When I should have been studying meteorology, I (and many classmates) stood on the roof of East Engineering building gazing down upon violent demonstrations near the intersection of East University and South University streets. During another violent demonstration that broke out on East University, I nearly tripped a student radical who was fleeing the club-wielding police after he egged them on.
One weekend, my roommates and I took refuge at their parent’s home in Detroit because food deliveries to our dorm were cut off by members of the Black Action Movement. Starve, or enjoy home-cooked food? No contest.
60s student violence? Absolutely, but that’s not the real story (in my mind) of the 60s. The real narrative is a story of undisguised disdain for the Christian and Enlightenment ideas (see Michael Novak’s On Two Wings: Humble Faith and Common Sense at the American Founding) that had shaped so much of the USA since and before its founding. They were systematically being replaced with postmodern ideas that destroyed the Christian cultural ethos while simultaneously leaving in place the materialist ideology at the heart of the Enlightenment.
My surprising claim is that this rejection of a Christian cultural consensus (see my last blog) could have happened in the 1930s instead of the 1960s.

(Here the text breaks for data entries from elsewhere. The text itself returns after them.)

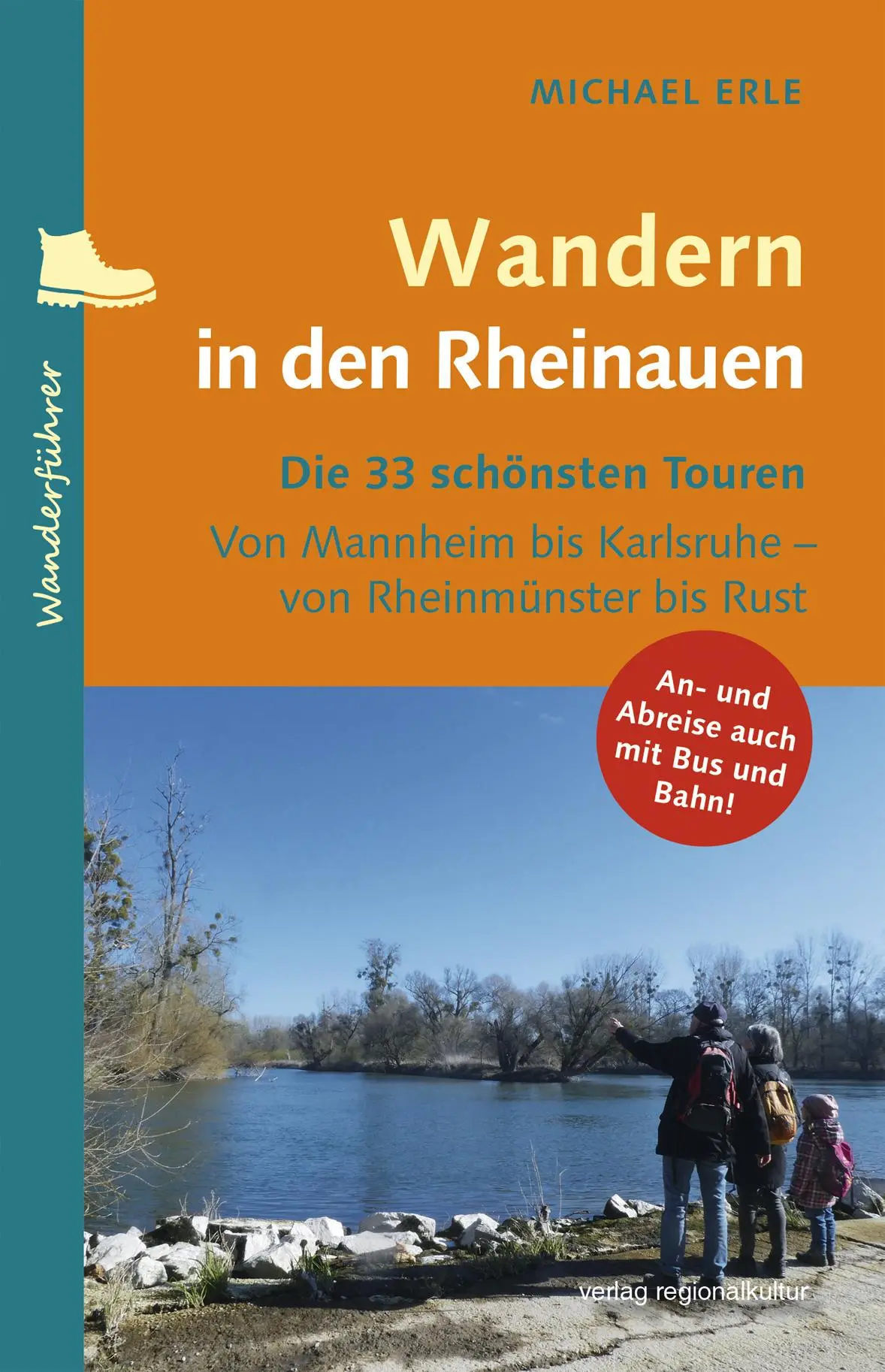 Cover: 9783955055356 | Wandern in den Rheinauen | Michael Erle | Taschenbuch | 184 S. | 2025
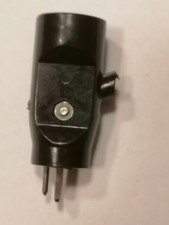 Adapter 2-poliger DIN-Stecker auf Buchse; Lautsprecher;seitlicher Kabelausgang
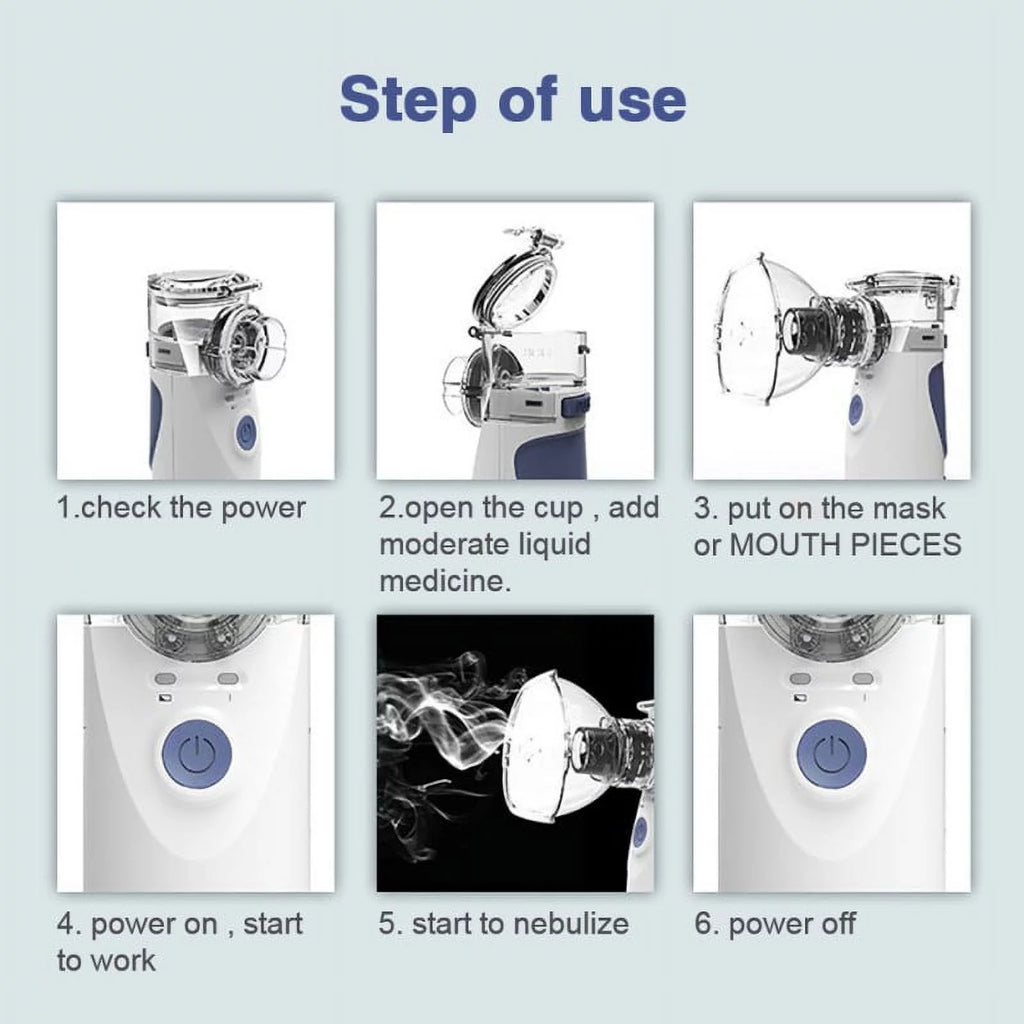 Handheld Steam Mist Humidifier E658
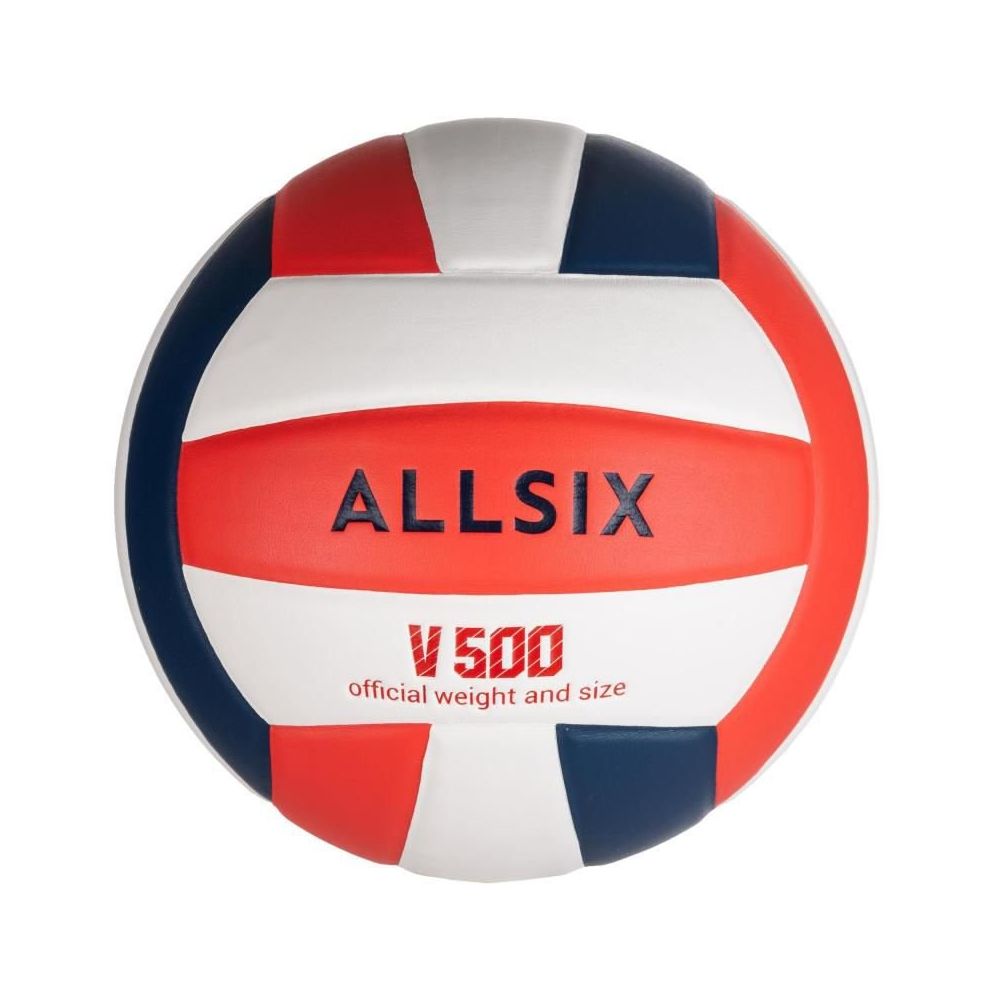 Allsix V500 Mavi Beyaz Kirmizi Voleybol Topu Fiyatlari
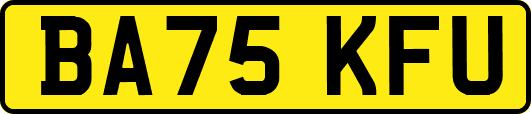 BA75KFU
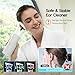 Ear Wax Removal, Electric Ear Cleaning Kit Effective & Safe Ear Cleaner Irrigation Flushing System 4 Pressure Modes for Ear Wax Buildup, Water Resistant Ear Cleaning Tool USB Rechargeable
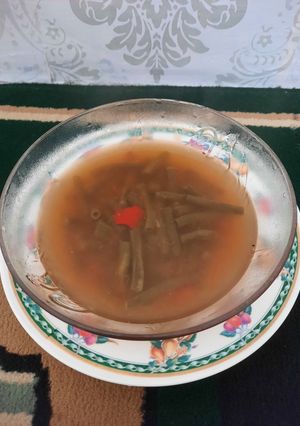 Foto resep Sayur Asem Kacang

Here’s why: The cultural seeds for a post-Christian culture were violently planted during World War I, germinated during the 1920s, and set to blow the Christian lid off American culture. But, mercifully, the Depression happened, starting in 1929, and Americans started looking heavenward for their daily bread. And so the 60s never happened until the 1960s.
Let me explain at length.
Prior to World War I, about which we’ve been hearing so much in this centenary year (the war started in 1914), Western Christians were ebullient. Western civilization was on a roll, and the narrative of progress (“onward and upward”) seemed a sure bet. Science gave the technology, and Christianity gave the morality; what more could we want?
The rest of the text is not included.